El cuidado no puede seguir siendo una tarea secundaria, ni una función delegada, ni un producto que se compra. El cuidado es el núcleo mismo de lo común. Y pensar una política de salud es, ante todo, decidir a quién cuidamos, cómo lo hacemos y con qué recursos.
Cuando se recorta en salud, no se está “ahorrando”: se está decidiendo a quién se deja afuera. Cuando se privatiza un hospital, no se está “mejorando la eficiencia”: se está redefiniendo qué vidas valen la pena ser protegidas. Y cuando se entregan las decisiones médicas al algoritmo, se está renunciando al vínculo humano.
Desde La Reacción, creemos que la salud pública no necesita ser “modernizada”. Necesita ser fortalecida. No necesita más marketing, necesita más recursos. No necesita CEOs, necesita profesionales con vocación y condiciones dignas. No necesita competir con el mercado: necesita garantizar lo que el mercado no puede ni quiere ofrecer.
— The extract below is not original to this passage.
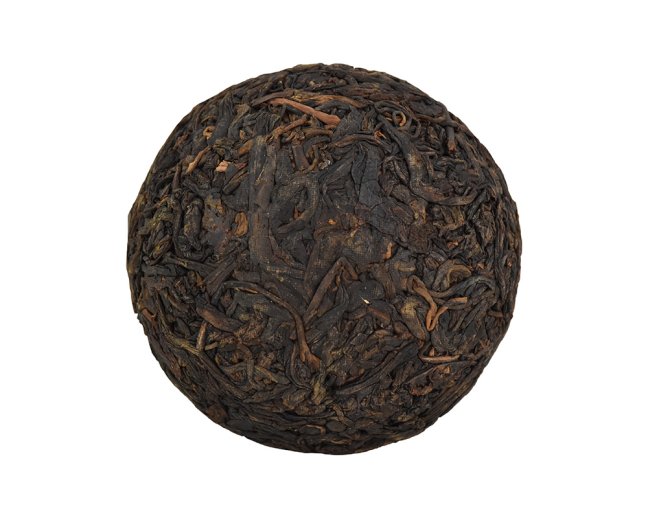 Tmavý čaj China Yunnan Pu-erh Shu Tuo Cha Ancient Tree 2016 - 100 g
Porque la salud no es una app. No es una póliza. No es un número. Es una vida. Una mano que se extiende. Un diagnóstico que llega a tiempo. Un sistema que no te deja caer. Y si eso no nos parece urgente, entonces ya perdimos.
Pero si todavía nos conmueve, si todavía creemos que el cuidado debe estar en el centro, si todavía nos duele lo que duele a otros… entonces hay algo que sigue vivo.
Y eso que sigue vivo, si se organiza, reacciona.